Speaker of the House sounds like a great job on paper, I grant you. There are awesome perks like a sweet-ass gavel, not having to indulge in a knife fight for the least shitty office spaces with other congresspeople and all that free TV time trying not to fall asleep while photobombing every single State of the Union speech.

Both the role and the power of the office as a prize fluctuate depending on whether or not the speaker's party matches the president's. If they match, you get to preside over a period of furious lawmaking and agenda-setting, working in frantic concert with the executive branch in the two years before the next cycle of elections sees either you or the president thrown out of office by a fickle electorate completely allergic to the idea of functioning, constructive, cooperative government. None of us really pays any attention in civics classes, not because they're usually offered in 12th grade when the American human brain reaches peak ennui, but because the idea of "separation of powers" is something we innately get. Not only get, insist on. Carefully delineated roles laid out in separate articles of the Constitution to guarantee "checks and balances," fine. But what if we had that with just a leeeetle bit of "Real Housewives of Atlanta" thrown in? That's way better TV. And internet. And Thanksgiving Day hate-speech amongst family.

It takes all kinds, too. We’ve had simple one and a Bond villain one and, what hey!, even a lady one once. Wait, lemme re-check... aaaand... yep, just the once.

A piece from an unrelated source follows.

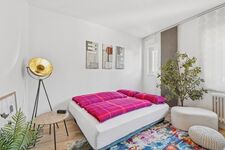 Helles Schlafzimmer mit Doppelbett & buntem Teppich – ankommen und durchatmen in Saarburg Helles Schlafzimmer mit Doppelbett & buntem Teppich – ankommen und durchatmen in Saarburg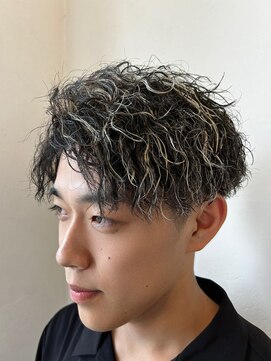 ヘアー ミュゼ 大西店(HAIR Musee) ☆波巻きスパイラルパーマ&ホワイトハイライト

There are drawbacks, though. The main one is: you have to be Speaker of the House. Like the whole time, that's your whole job. You have to corral a bunch of people, all of whom have been tragically encouraged in the exact same farcical megalomania and who are prone if not required by both the very nature of their jobs and the prequalifying narcissism that got them there to be a contrarian pain in the ass. There are 435 congressional districts, all with very different if not diametrically opposed needs. Now in my job (which I not only volunteered by had to fucking campaign for) I have to try to convince them that this bill to cap emissions from coal-burning power plants is something they want? That's a lot of handjobs. Which in congressional terms, often looks like DoD contracts for shipbuilding facilities.

Also, since it's elective, you have to keep in the good graces of these people if you want to maintain your position. That means if the fucking lunatics break out, kill the orderlies and seize the asylum like a pirate ship, you have to be the first one to fashion an eyepatch out of a single-serving applesauce lid and start screaming at your naked shoulder as though there were a parrot there.

Like poor John Boehner now, the SotH with ALL the feelings, has got to roll his ass out there in front of camera, in public, and say he thinks it's a good idea for Congress to sue the president because O'Bummer is, like, so totes out of control with executive orders and we (and this is a real quote) "didn’t elect a monarch or king."

I try to give John Boehner the benefit of the doubt. I know his job is hard. And maybe he's fighting so hard to keep it, compromising his personal integrity or even his ability to simulate human reason in front of other humans, because he knows if he goes, what replaces him is going to be some kind of Tea Party Blackbeard to whom governance is anathema and just got into this whole "public service" thing for the maximal pyrotechnical potentialities. I have to think that. Otherwise the person third in line of succession to the presidency actually believes it's a good idea to attack a whole separate branch of government based on ideas that are disprovable with one visit to snopes.com.